# 1958



## Hound Dog (Jan 18, 2009)

Dawg loved playing in the high school band as a drummer and was damn good at it. Then in 1958 Bear Bryaqnt viaited my home in Greenville, Alabama where my dad was the head of the local University of Alabama alumni association and Bear, sitting in our living room, asked my dad if I was a football player for the local high school team and my dad responded that, no, I was a band member and that exchange humiliated me to my bones so, despite my inclinations otherwise, the next day, I (being a large person) went out for the football team under Coach Whetstone. I hated football and would rather have ridden on the band bus among young ladies than the team bus among sweaty football jocks but my fate was sealed. Today on the news I see that old farts such as I are dying from brain disorders brought about by head injuries suffered on the football fields of my youth yet no one with whom I am acquainted back in 1958 has yet to die of having engaged in oral sex on the band bus in the dark of the back of that conveyance . Srew Bear Bryant and his hold on feeble minded South Alabama males of the 1950s. One cannot tell the future from the proximiity of 16 at a high school in the rural south. Now, at 72, my brain disfunction might be attributal to too much tiquila or on too many grinding turf encounters on football fields in South Alabama long ago. Who knows, but I remain somewhat befuddled regardles of the cause. 

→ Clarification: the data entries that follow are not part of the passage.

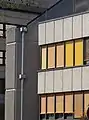 Fassadendetails: Waschbetonbrüstungen, Leichtmetallfenster mit farbigen Jalousien, Treppenturm mit Waschbetonrippen (2019)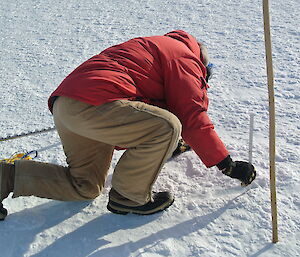 Kim measuring the depth of snow.
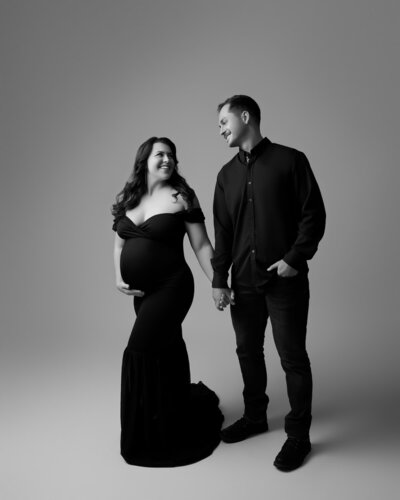 Couple’s maternity session with woman in sleek off-shoulder black gown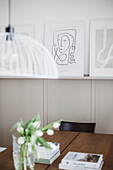 Books and white tulips on a wooden table, drawings on a narrow shelf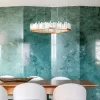 Selenite LED Chandelier San Francisco in Warm Gold Leaf Finish, Highlighting a Dining Area with Blue Granite Wall.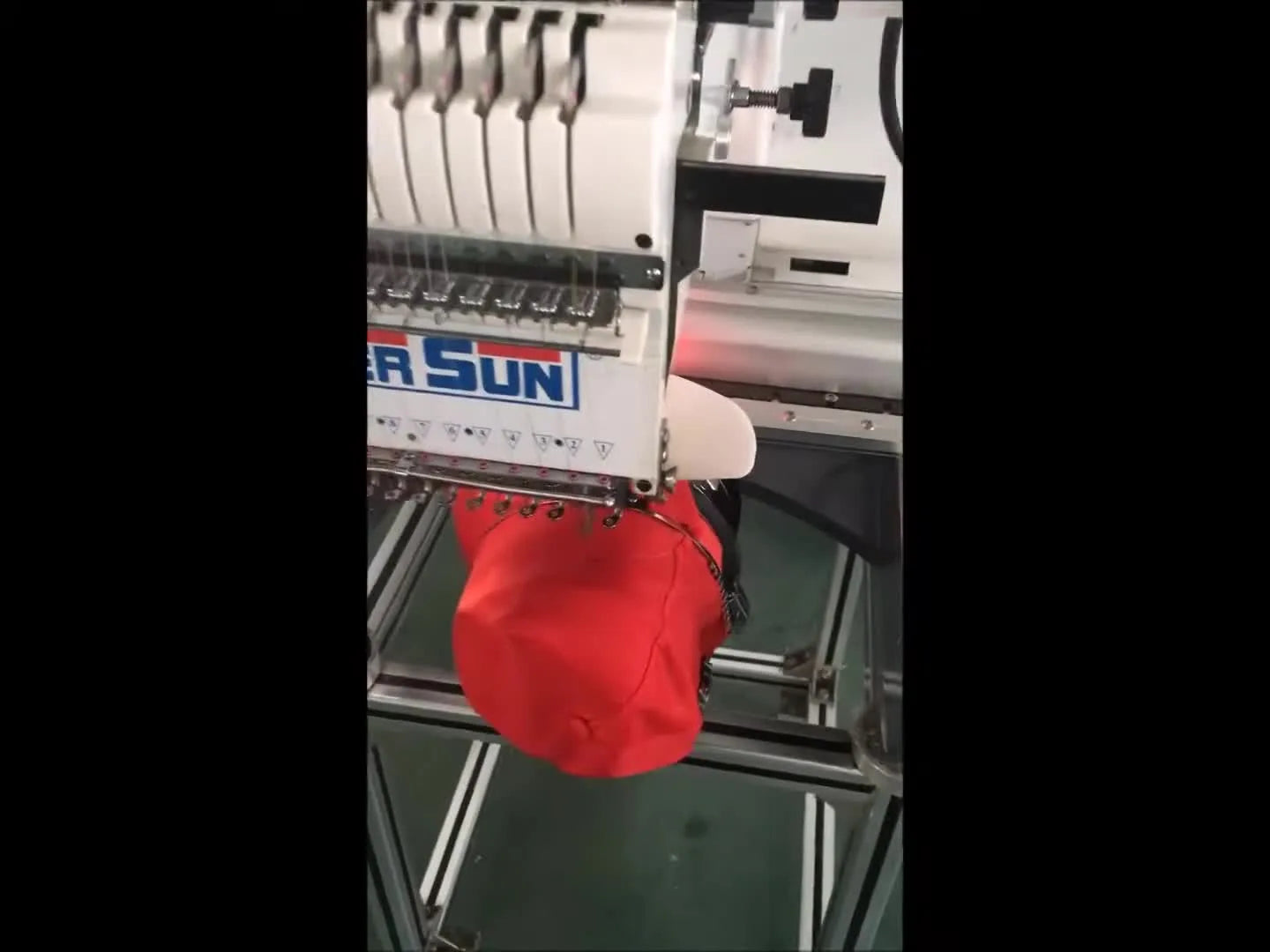 Close-up of the SMX-1501/CP stitching a logo on a rotating red cap mounted on the cap driver.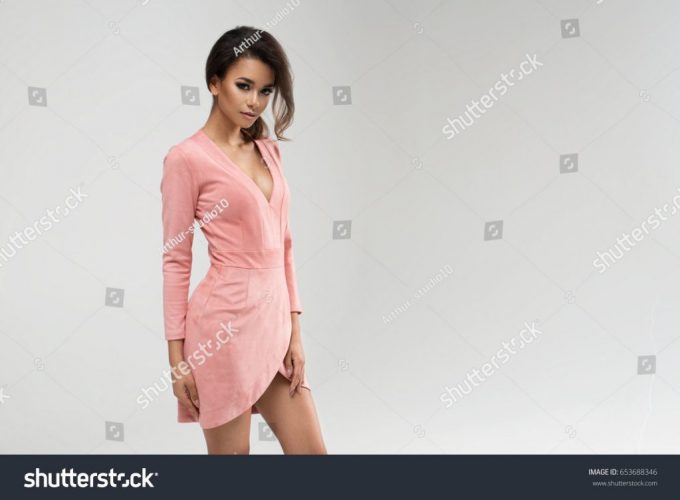 stock-photo-beauty-afro-young-woman-in-pink-dress-653688346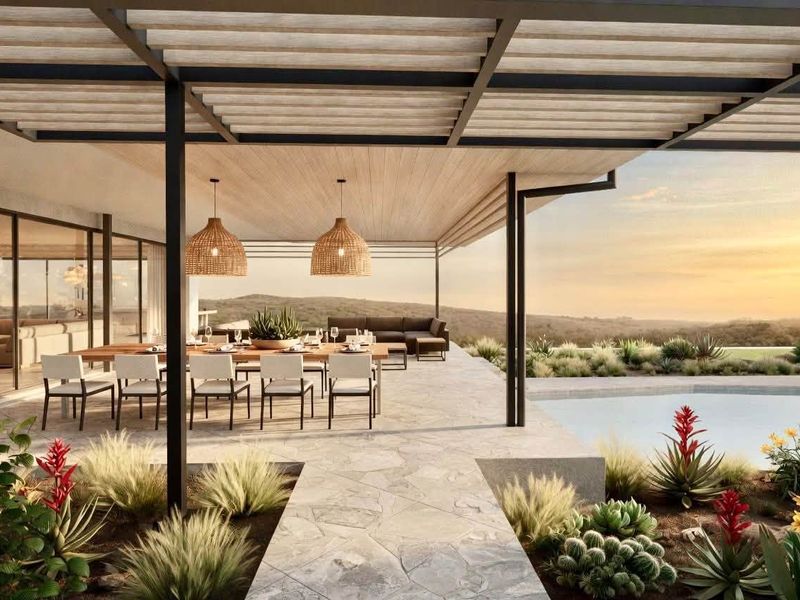 A modern covered patio featuring stone paving, a pergola structure, and seamless access to a swimming pool with scenic landscape views.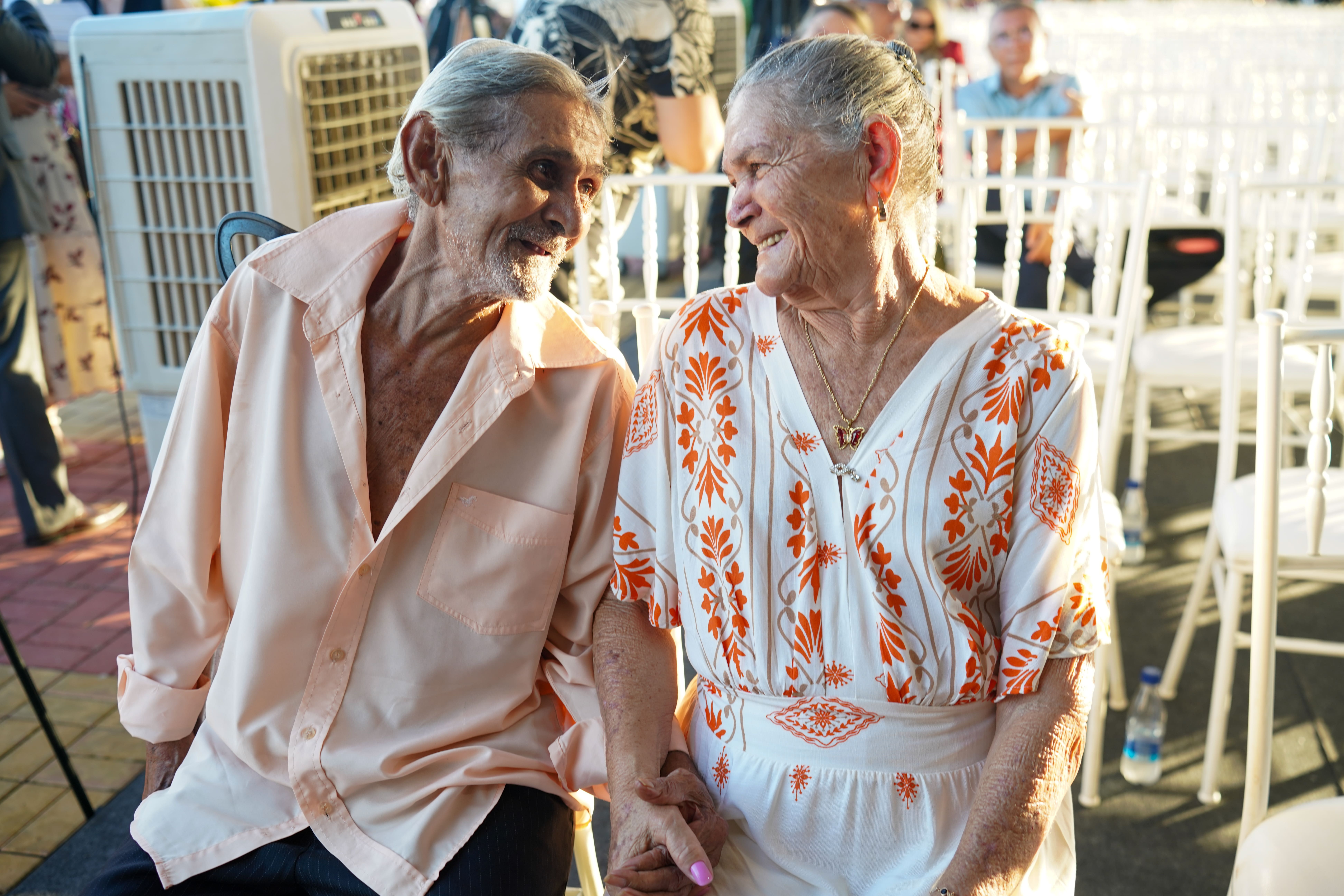 Foto colorida mostra um casal idoso sorrindo um para o outro e de mãos dadas. O homem, à esquerda, usa uma camisa social cor de pêssego. A mulher, à direita, veste uma blusa branca com um padrão floral laranja. Eles estão sentados ao ar livre, com cadeiras brancas. O sol da tarde ilumina a cena. Foto colorida mostra um casal idoso sorrindo um para o outro e de mãos dadas. O homem, à esquerda, usa uma camisa social cor de pêssego. A mulher, à direita, veste uma blusa branca com um padrão floral laranja. Eles estão sentados ao ar livre, com cadeiras brancas. O sol da tarde ilumina a cena.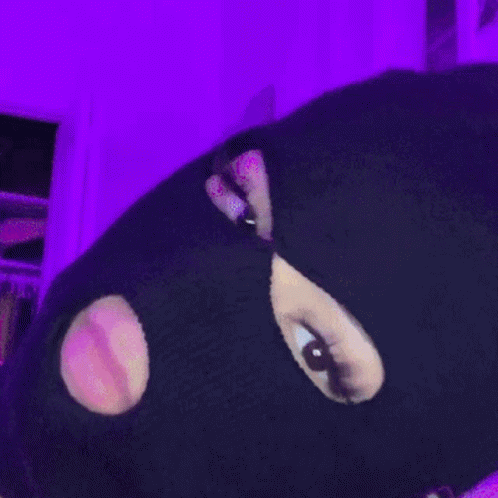 A Person Wearing A Ski Mask With Holes In It Is Standing In Front Of A Purple Wall GIF
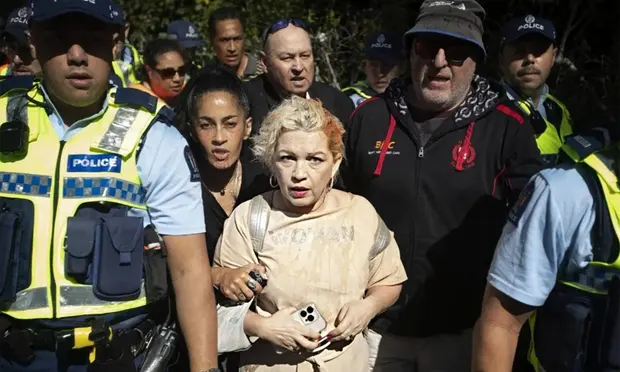Anti-trans activist Posie Parker is escorted from her Auckland speaking event by police after being met by thousands of pro-trans rights counter-protesters. Photograph: Stuff/Chris McKeen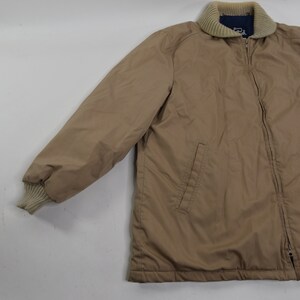 May include: A tan zip-up jacket with a ribbed collar and cuffs. The jacket has a zipper closure and two pockets on the front.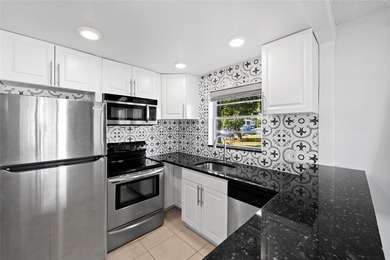 Spacious 1-bedroom, 1.5-bathroom condo conveniently located on - photo 1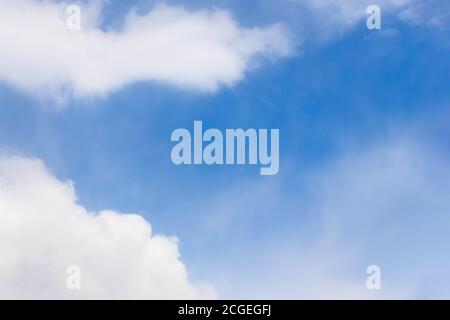 Beautiful white fluffy clouds on a blue sky background, copy space Stock Photo
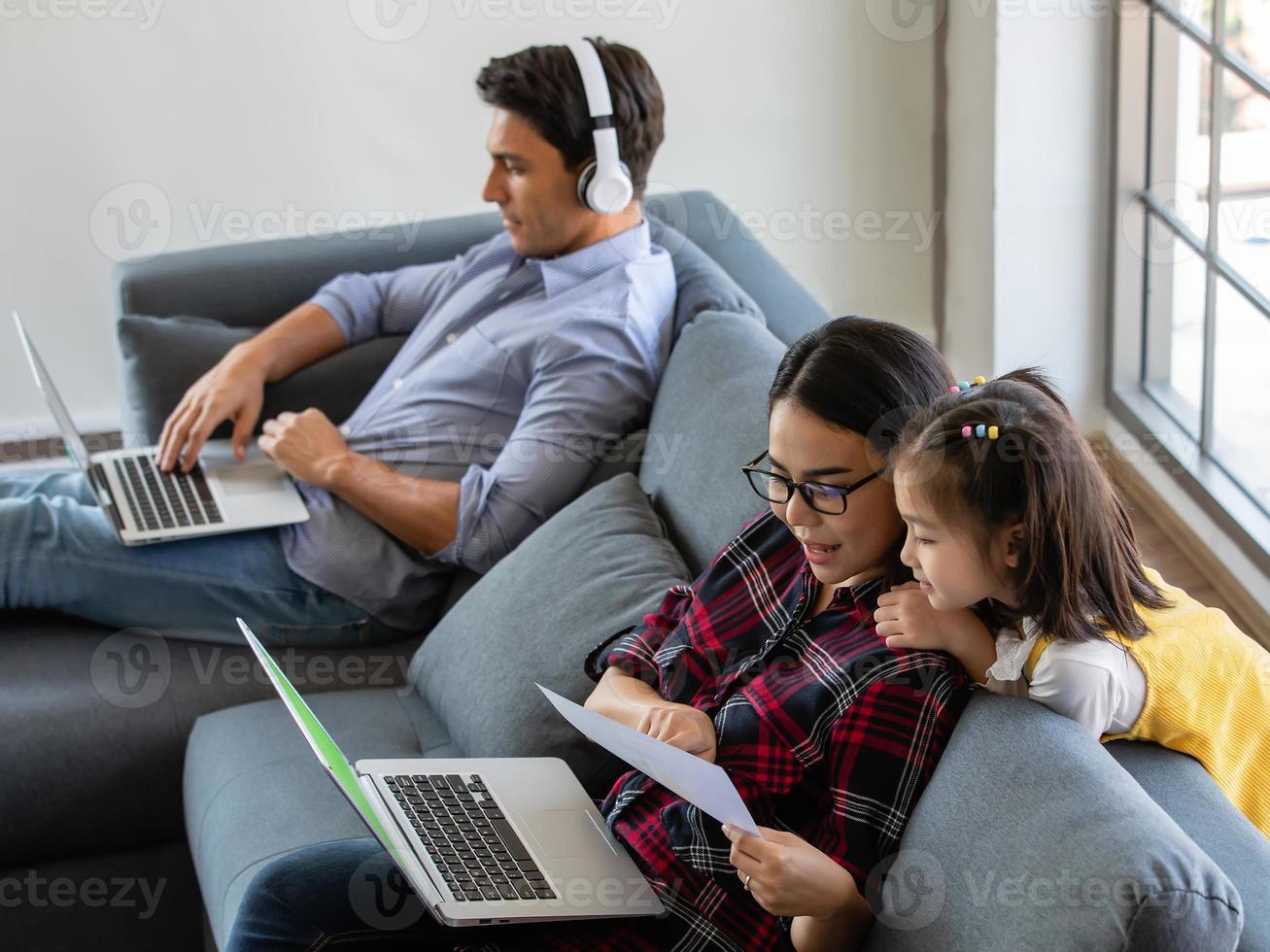 gemischtrassige familie, vater, mutter und kleine tochter bleiben zusammen zu hause. mama und papa arbeiten mit laptop-notizbuch und unterrichten das mädchen. Arbeit von zu Hause aus und neues normales Konzept foto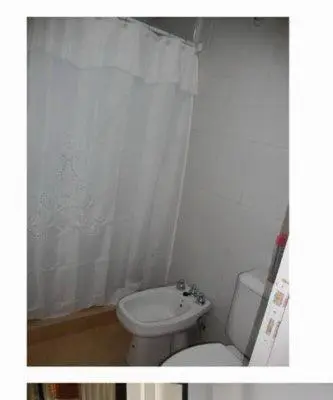 a bathroom with a toilet and a shower curtain at Dulces Sueños in Villa Carlos Paz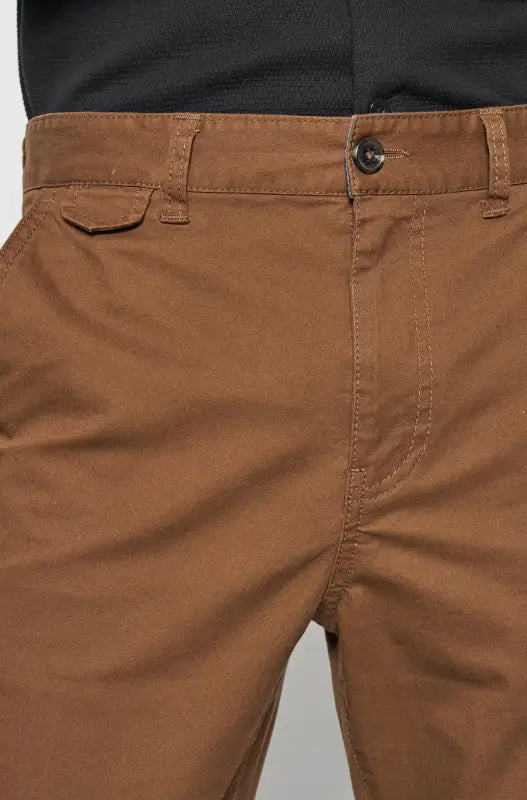 Brown chino pants with a button closure and belt loops.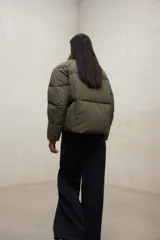 Campera acolchada negra, estilo puffer, con cuello alto y cierre frontal. Diseño oversize.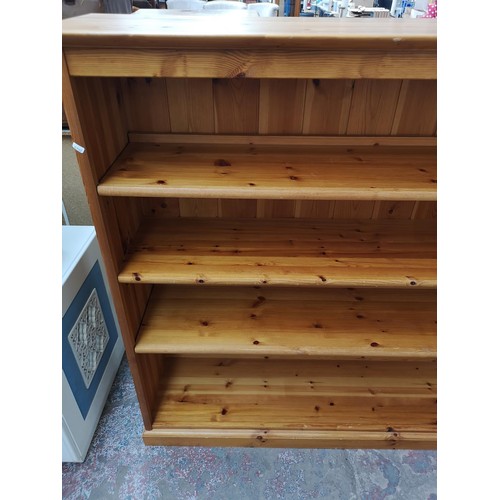 1095B - A modern pine four tier open bookcase - approx. 138cm high x 151cm wide x 39.5cm deep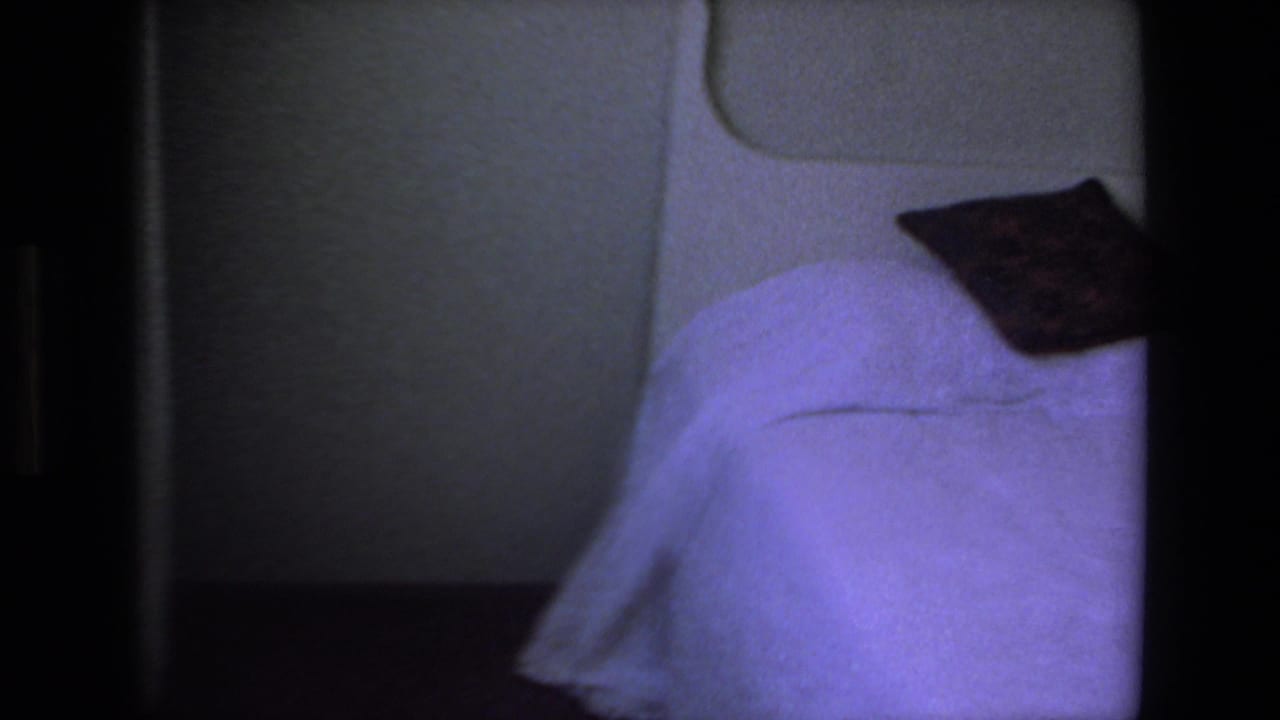 Opening 8mm frame showing a dim interior area with a bed-like surface and pillow before the outdoor Mazatlan street musician scene begins.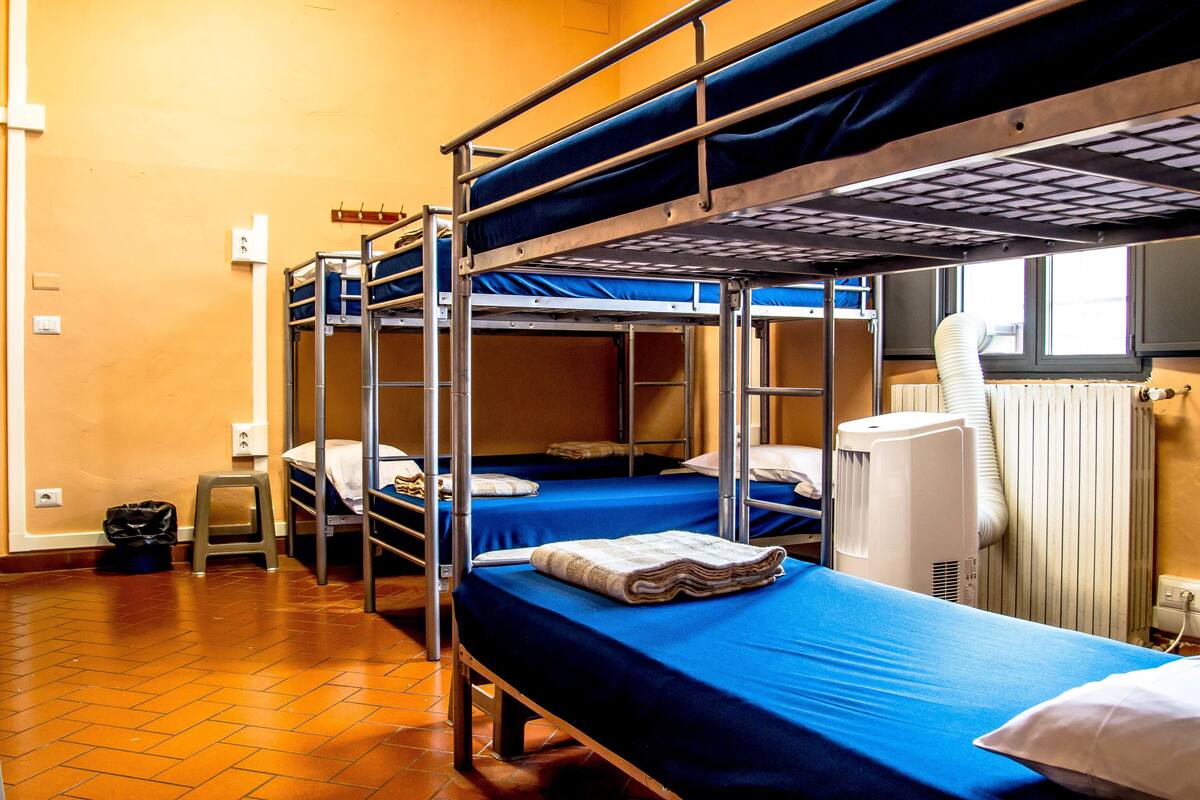 A dormitory room with bunk beds, a radiator, and a window.
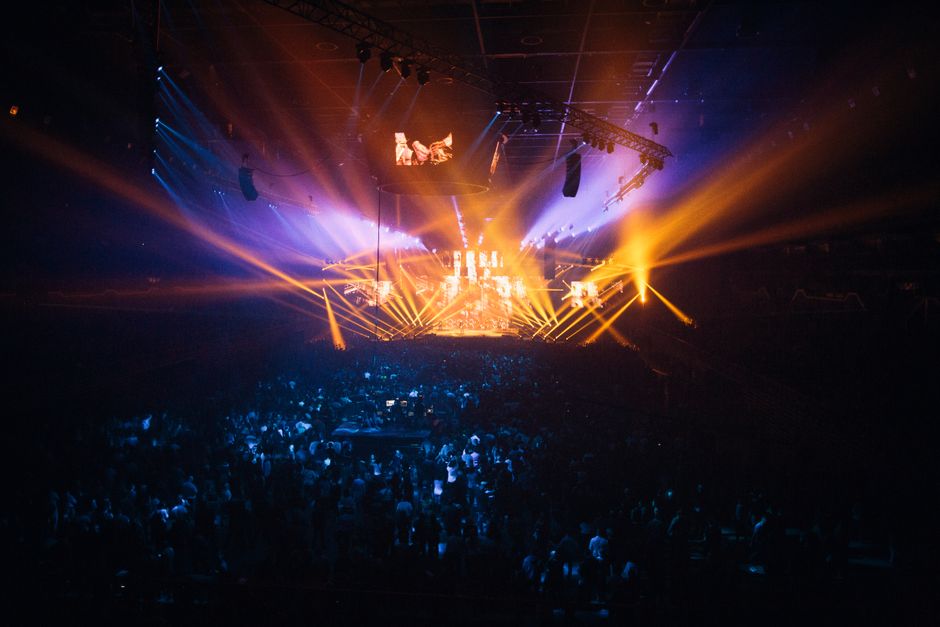 Ambiente de concierto nocturno con luces de escenario y público expectante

Damn 1950s example setters but at least they avoided another civil war.


----------



## vantexan (Sep 4, 2011)

I loved the story where as a boy you ran so fast your leg braces fell off. Life IS like a box of chocolates...


----------



## Hound Dog (Jan 18, 2009)

[_QUOTE=vantexan;5397146]I loved the story where as a boy you ran so fast your leg braces fell off. Life IS like a box of chocolates...[/QUOTE]_

You are an amusing fellow Van and .I was a student at the University of Alabama when Winston Groom, the authotr of Forrest Gump, was a student there as wel

When I entered the universitity in1961,it was totally racially segregated and in 1962, two black studenys, Vivian Maloe and James Cook entered the unviersity during the summer seesion and that was the occasion of the infamos cofrontation between George Wallace and Nicholas Katzenback at tha scholhouse door which was a disgraceful charade making all of us university syudends appear to be racist hillbillies in those day

As in Euope recently, the day may comew when your neighbor may baxh your infant+s´head against the wall and take pleasure in so doing..



.


----------



## vantexan (Sep 4, 2011)

Hadn't heard about that but as crazy as the world is getting it's no surprise. Mexico looks better all the time.


----------



## joaquinx (Jul 3, 2010)

I really like the tie-in to life in Mexico.


----------



## Hound Dog (Jan 18, 2009)

[_QUOTE=joaquinx;5400786]I really like the tie-in to life in Mexico.[/QUOTE]_


OK, joaquinx , Dawg has already been reprimanded for this posting by someone with whom I have lived for nearly 44 years so your comment, while cogent, was not required to put me in my place. I will, however, bet that high school kids of 1958 or their equivalents in rural Mexico received inconclusive advice on how to succeed as adults as did Alabama youth in the 1950s when big guys like Dawg either went out for football as locally defined or were declared cowardly sissies by thugs on the varsity team when passing in the school hallway. 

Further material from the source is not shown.